New York State Packs of Cigarettes Sold, Taxed and Untaxed. Number of packs in millions and tax in $millions. |
It blames the high $4.35/pack cigarette tax. However, a cigarette tax is a Pigovian tax, saving money on NY State health-care costs if smokers are discouraged from smoking by the higher cost.
On the other hand, if there are easy ways to bring in untaxed cigarettes (e.g., by car from a neighboring state), then New York State benefits neither from the Pigou Effect (lower consumption of goods with high negative externalities) nor from the higher revenue it should have earned on the untaxed cigarettes.
What's the impact of the counterfeit on the budget? I have been doing this kind of work long enough to know that these calculations are complex. I have also been around enough to know that reasonable first approximations - if not distorted by subsequent misuse - usually provide pretty good policy guidance.

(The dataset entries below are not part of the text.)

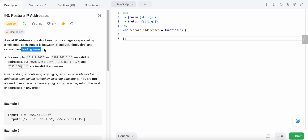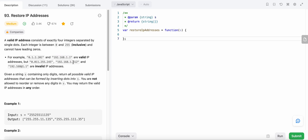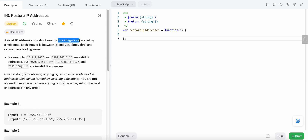Each integer cannot have any leading zeros. For example, this is a valid IP address because none of them have leading zeros. However, one with a leading zero is not valid. An IP address with a value greater than 255 is also invalid. It can only have dot-separated integers between zero and 255, and there are four integers in total.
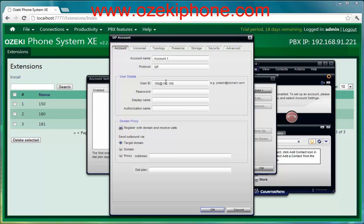Your user ID is the one that you entered in your phone system. You need to add an at sign and your server's address after your user ID. The password is the password you gave in the phone system. The display name can be anything. The authentication name must be the authentication name you entered in the software. Finally, the proxy server's address is also the IP address of the Azaki Phone System.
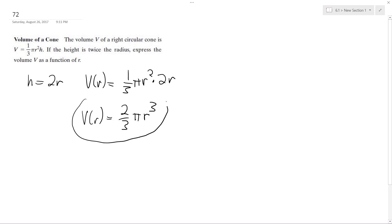And this is our new function based on using the height expressed in terms of the radius instead of just using H. That's it.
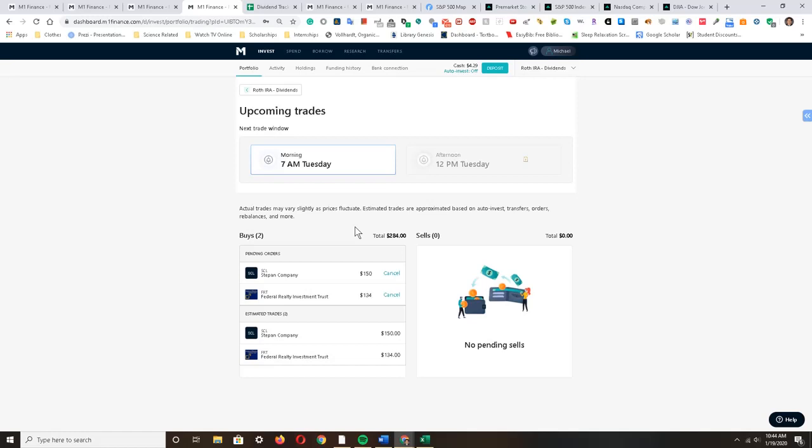I am putting in $150 into Septon Company and $134 into Federal Realty Investment Trust, because I believe that their price at this point is really attractive and they are well known to pay consistent dividends to investors and I see that their fundamentals have a positive outlook.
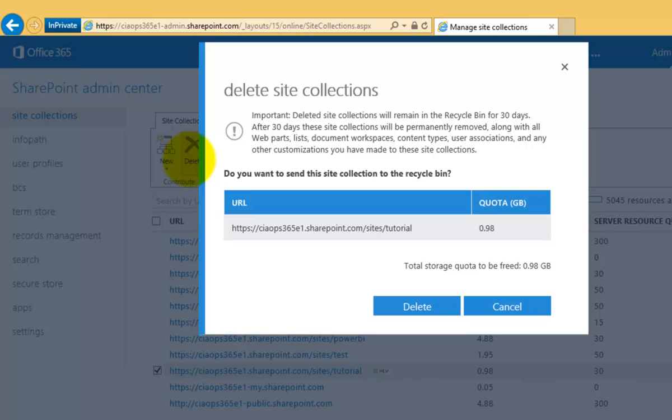Document libraries, sites, files—everything inside that site collection will be removed. However, it will be sent to the recycle bin so it can be recovered for a period of up to 30 days.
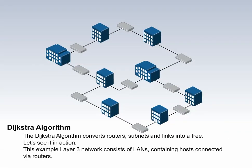The Dijkstra algorithm converts routers, subnets and links into a tree. Let's see it in action.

With that in mind, the chart above suggests that based on the Tax Foundation numbers and the amount actually collected in cigarette taxes in the latest fiscal year, New York State is losing $2.4 billion in uncollected cigarette-tax revenue. Now there's a budget gap-closer.
The nature of Pigovian taxes is that counterfeiting will always be with us. The snake in the Garden of Eden smuggled an illegal fruit into the diet of Adam and Eve. But the attempt to collect more revenue will either generate more income for NY State or it will reduce smoking. Either way, the State is ahead.